# How to not be boring



## Deleted member 8016 (Aug 5, 2020)

I'm legit around 7PLS 6,3" / 193cm tall, fit (a bit skinny need currently gymmaxxing to change that) and I often get complimented for my looks.
But the thing is I'm completely socially retarded, I don't understand people and can't connect with them, the all seem so boring to me and I have 0 energy when I talk to them, they all look like normies.
When I go to a party it would often go like this, I show up, people are glad to see me and we begin to talk.
They ask me questions, I ask them questions in return but after a short period of time I have 0 things to say to them.
Also I'm a fucking pussy when it comes to seducing girls, even when my friend tell me that she's interested in me.

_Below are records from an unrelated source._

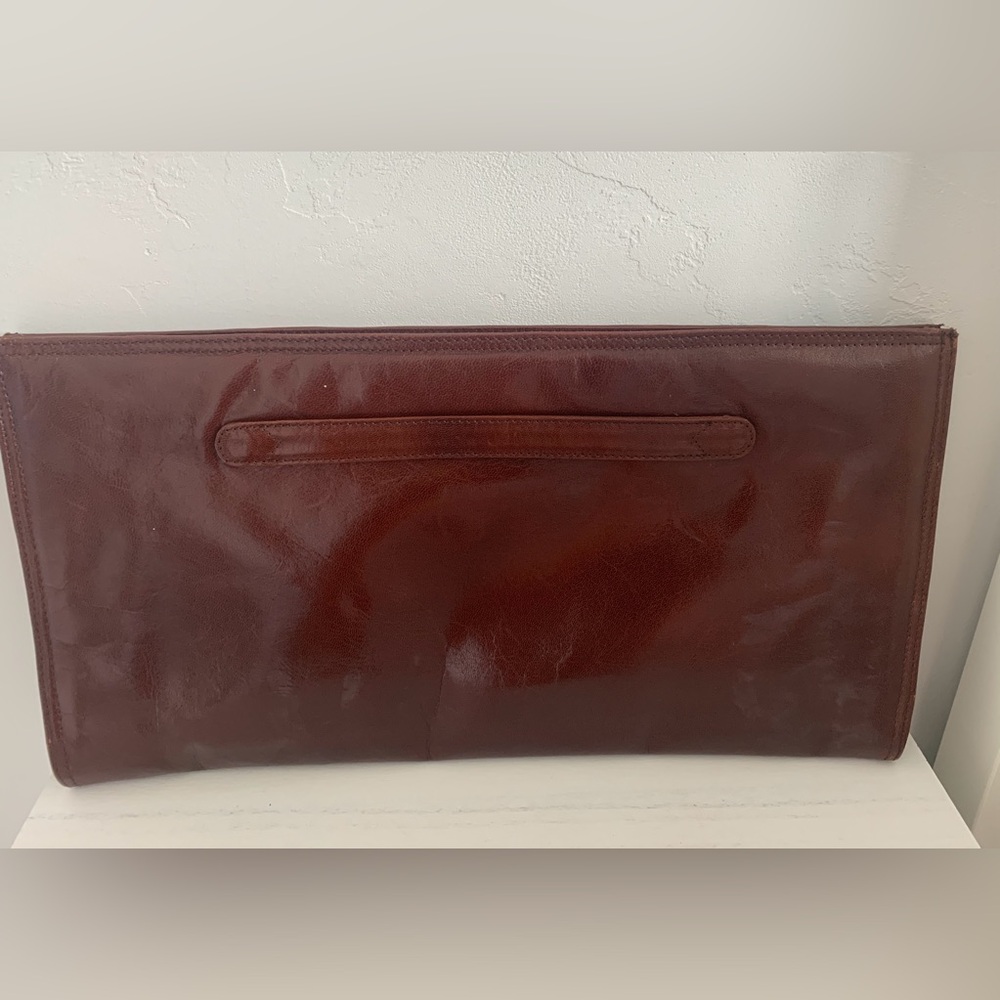Vintage Bottega Veneta Leather Clutch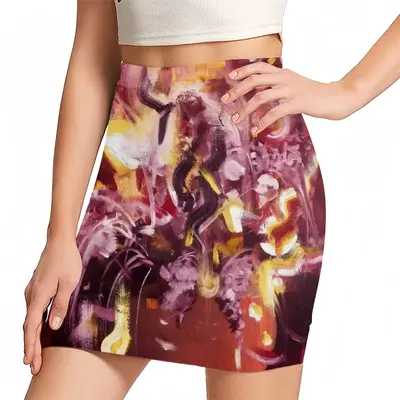 Women Future Is Near Hip Skirt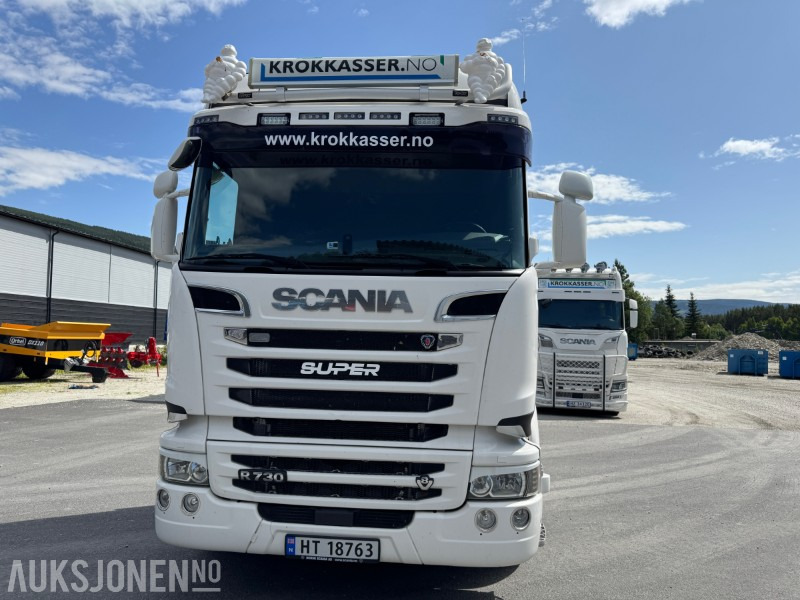 2017 Scania R730 4-akslet krokbil 8X4, EURO 6, KRANHYDRAULIKK, EVOLUTION 125 - Φορτηγό φόρτωσης γάντζου: φωτογραφία 4 2017 Scania R730 4-akslet krokbil 8X4, EURO 6, KRANHYDRAULIKK, EVOLUTION 125 - Φορτηγό φόρτωσης γάντζου: φωτογραφία 4
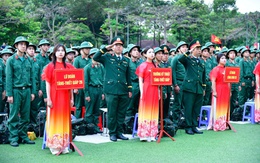 9.105 công dân TP.HCM hăng hái lên đường nhập ngũ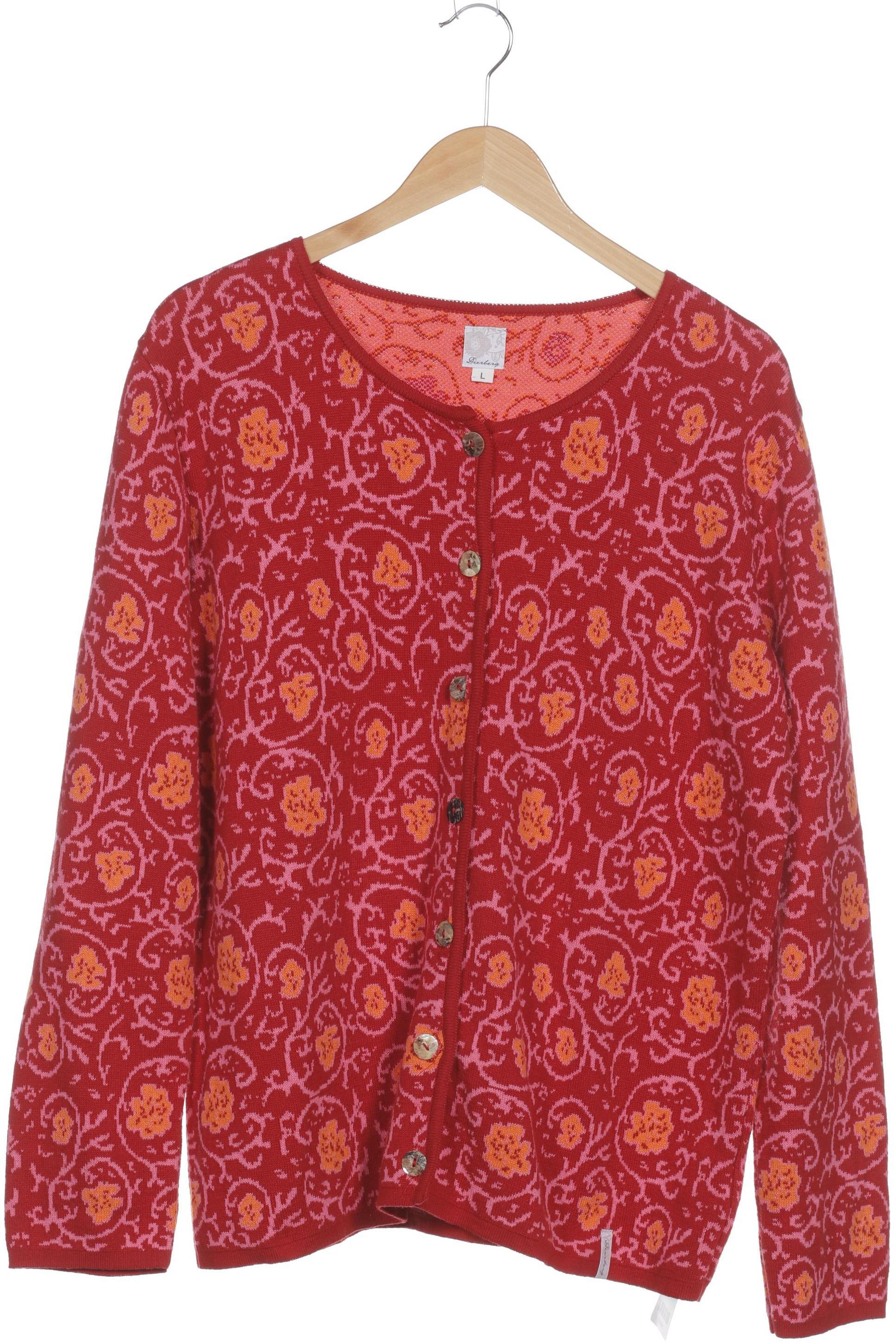 

Deerberg Damen Strickjacke, rot, Gr.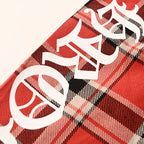 Chrome Hearts Classic Plaid Shirt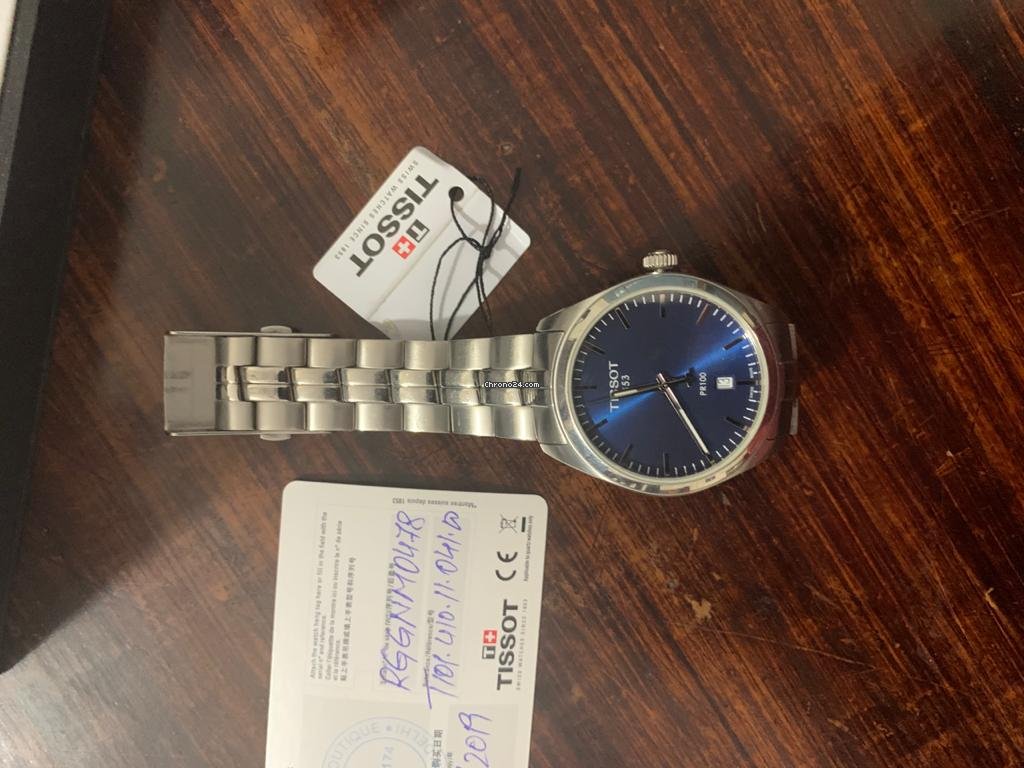 Tissot PR 100 Mens watch Unisex Quartz Steel T101.410.11.041.00 6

So how can I be more interesting when talking with people, how can I make them open more to me and crave my presence ?
I want to be that guy that people are missing when I'm not at a party / holliday.

I know people think that personnalitymaxxing is cope but it really helps.


----------



## Truthmirrorcoper (Aug 5, 2020)

be funny


----------



## john2 (Aug 5, 2020)

Just look funny tbh.


----------



## Deleted member 8016 (Aug 5, 2020)

I am, but the thing is that I'm perceived as the funny good looking guy in the group, so when I am around people they just want me to make them laugh.
The thing is that being perceived as such stops me from having more deep conversation, people always thing i'm gonna say something funny or 2nd degree.


----------



## Apeiron (Aug 5, 2020)

RussellBrandMaxxing


----------



## Copeful (Aug 5, 2020)

*- 7 PSL
- On a looksmax forum

Pick one *


----------



## Relinquished (Aug 5, 2020)

How can you be 7 PSL and have these problems?
If you're that good-looking, people will automatically include you in interesting experiences that should inform and enrich your personality.
The only way this can be possible is if life has been such a storm of ease and pussy that your mind has devolved into mush.


----------



## Deleted member 8016 (Aug 5, 2020)

Being high PLS doesn't mean you can't improve.
I had a shitty lifestyle, no grooming, shitty clothes when I was younger because I was so bluepilled that I thought looks didn't matter and I could look like a faggot and still be able to slay.


----------



## Deleted member 8016 (Aug 5, 2020)

Darkwill said:


> How can you be 7 PSL and have these problems?
> If you're that good-looking, people will automatically include you in interesting experiences that should inform and enrich your personality.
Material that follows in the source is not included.